Looking at stakeholder engagement practices with a broader lens, another reason for it lagging behind is the data. According to Andre, the data required for meaningful stakeholder engagement is dominated by a handful of professional “data mystifiers”. Who are individuals acting as data gatekeepers who convolute data processes through difficult to understand jargon making it seem unattainable to others. This makes the process of creating and implementing a practical engagement plan seem more complex than it really is. To increase the implementation of meaningful stakeholder engagement practices, more organisations will need to demonstrate that stakeholder engagement is not just a matter of saying it’s being done but looking at its purpose, which is to give individuals power over the decisions that affect them.
Making stakeholder engagement practical with focused surveys
There is a misconception that stakeholder engagement requires long detailed surveys that are implemented once a year. One lean way to effectively engage with stakeholders is to frequently conduct short surveys of between five and six questions on very focused or specific topics.

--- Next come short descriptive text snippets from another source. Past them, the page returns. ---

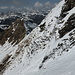 Im Zentralcouloir zwischen Eisfall und 3m Stufe: Blick über die N Begrenzungsrippe zur Chirgelischibe, darüber u.a. links Fromattgrat und Seehore, rechts Niderhore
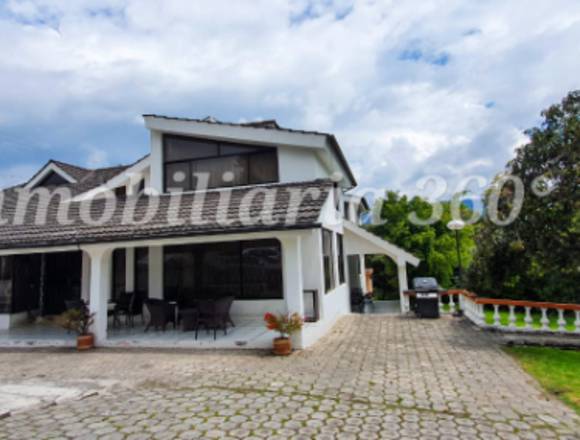 INCREÍBLE casa con amplio terreno en Tumbaco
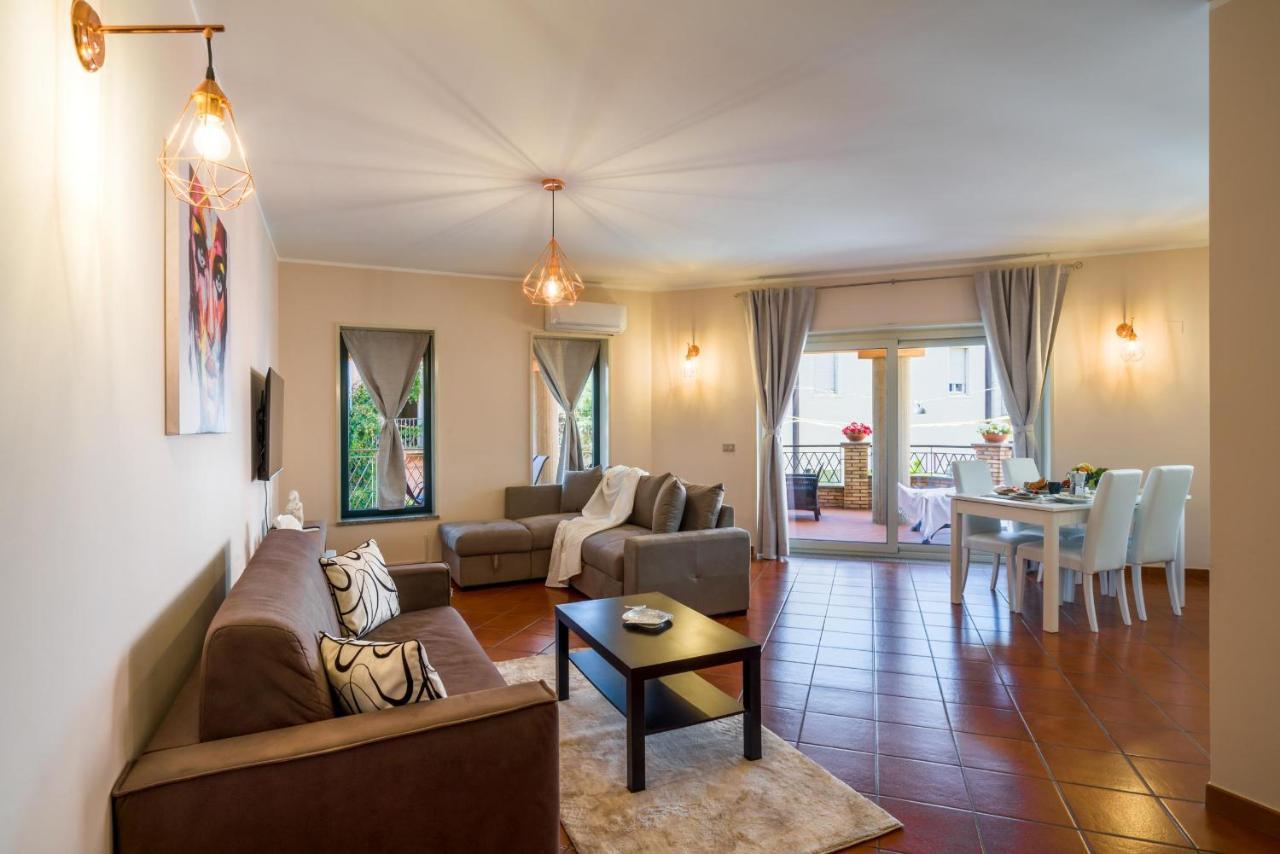 Loft Angolo Sul Mare Letojanni Ngoại thất bức ảnh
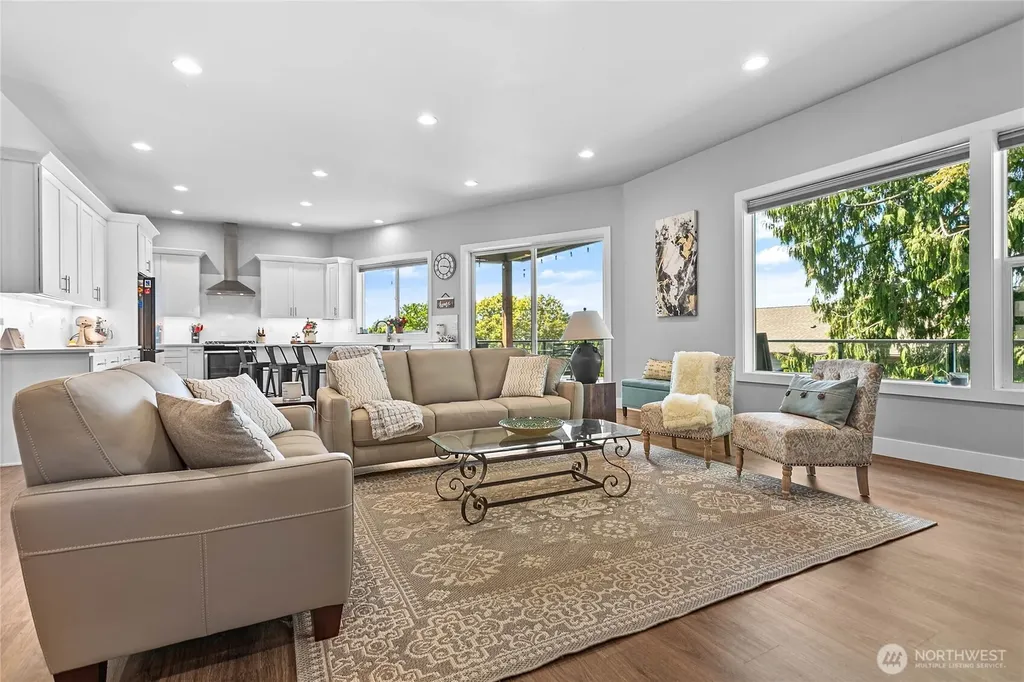 5544 Whitehorn Way Blaine WA 98230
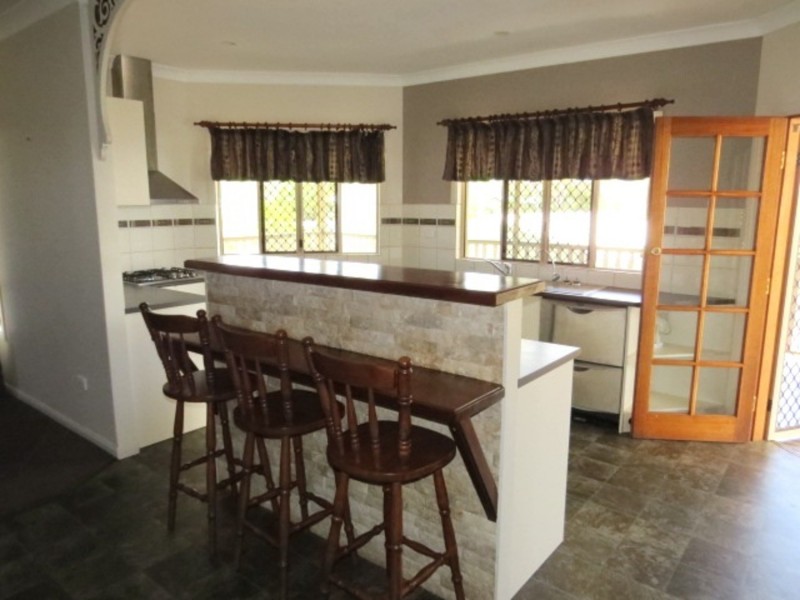 1 Craigie Court, Bowen QLD 4805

If such surveys are undertaken appropriately, it has the potential to gather a range of collective experiences on outcomes that are most material to those affected.
Moreover, organisations of all sizes are able to implement focused surveys. One can either conduct the surveys yourself or hire a third-party organisation to do it for you. The most important part of the process is investing enough time and effort into the design of the surveys focussing on the “who” and “what” will be asked. Besides valuable insights, engaging with stakeholders is an effective way to manage expectations and increase communication. It opens up space for creative problem solving as more diverse experiences, and knowledge is shared within and across organisations.
As much as meaningful engagement has valuable benefits for organisations, it is not a holy grail solution to all problems; it is more a means to an end. For example, disagreements between stakeholders can occur. Here, the journey is as important as the destination and even if the road is bumpy, it can still result in valuable and meaningful insights. There are many ways to mitigate stakeholder engagement issues and use dissatisfied feedback appropriately. Typically, stakeholder feedback is interpreted by taking averages; however, using standard deviation might be more appropriate. In light of disagreements, it remains essential to track these stakeholder experiences through continuous short and focused engagements.
Overall, we need to get minimum expectations in place to raise the bar when speaking about and implementing stakeholder engagement. Meaningful engagement needs to transition from being just a buzzword to being the new norm. Although there is no one-size-fits-all solution, every organisation can take that leap forward; by conducting focussed surveys as the first step towards efficient but meaningful stakeholder engagement.